For McDowell, the "higher law" under which we live comes from below: from the people's reflection and choice. But that it should come from below is a conclusion of a higher law from above, which McDowell is at pains to deny. We are the products of that higher law insofar as it creates us as beings with natures politically equal, one amongst another, without subordination or subjection. And we have access to the facts of nature because we are also created with minds that are uniquely suited to reason about such matters. As creatures of our species and rank, we can know, as a matter of law, that not everything is permitted—not even those things that are not positively forbidden. That dogs are not men is something rational beings know, however nominal and provisional the claim might be, according to the epistemologists. But to ordinary men, the claim is not provisional at all.
A republican constitution's very nature and reason embodies higher law and the idea that some things are wrong simply; they are not wrong because they have been proscribed by the positive law of the sovereign people. Indeed they would be wrong as a matter of higher law in spite of a positive law that authorizes them. As humans we are, in fact, to do good and avoid evil—and our natures can tell us something about the meaning of that injunction.

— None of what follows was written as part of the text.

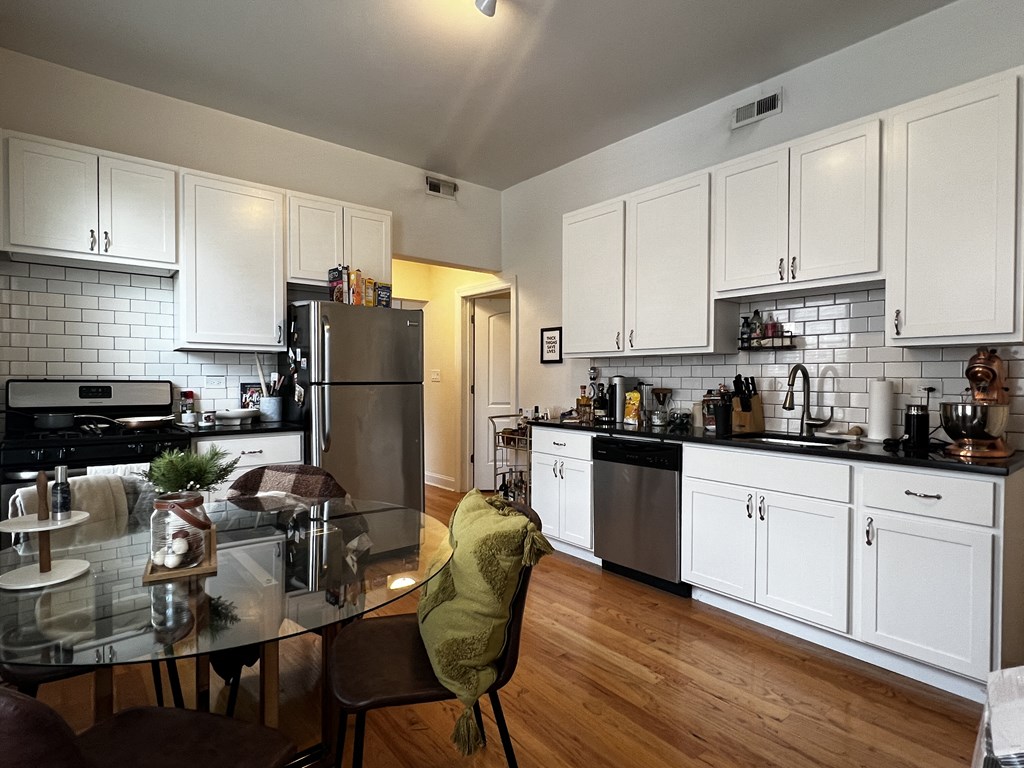 a kitchen and dining room with white cabinets and stainless steel appliances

As Aristotle taught, and the American Founders knew, decent regimes exist on a spectrum between the poles of equality and merit. The basis of governmental legitimacy might be found in Locke, but the institutions and modes of operation of government are also understood in Aristotelian terms, and even in terms of a certain kind of Humean, or common-law, traditionalism. Why, after all, must majorities be constituted in very particular ways according to the founders? Why must habits of veneration—rather than acts of will—be so cultivated in their constitutionalism? It is because popular sovereignty, simply, is neither the foundation nor the true end and purpose of government. As The Federalist famously claimed, "Justice is the end of government. It is the end of civil society. It ever has been and ever will be pursued until it be obtained, or until liberty be lost in the pursuit." One can therefore say that metaphysics and custom always inform and moderate the founders' constitutional understandings, and that they are key to a true originalism. Because of the founders' antecedent understanding of justice, Holy Scripture, Aristotle, and the common law—among other things—seem fitting and proper matters of judicial inquiry, if the judge is to determine the "mind of the Convention."
Whether political liberty or a bleak nihilism grows out of Ockham's nominalism is no small matter. McDowell's reading of Hobbesian and Lockean individualism leads him to argue for the unremitting legal positivism of the majority, wherein certainty trumps the claims of both universal justice and tradition. This is an argument unlikely to find favor with broad swaths of conservative thought. The picture of originalism, positivism, and liberty that McDowell paints is essentially a stark modernist portrait of lovers entwined, albeit with baroque detail around the edges. The idea that the people never cede their sovereignty over anything—except the idea of ceding their sovereignty—is perhaps not as friendly to political liberty as McDowell argues. It is unlikely that a proper constitutionalist jurisprudence can ever embrace Thomas Hobbes as fully as he suggests.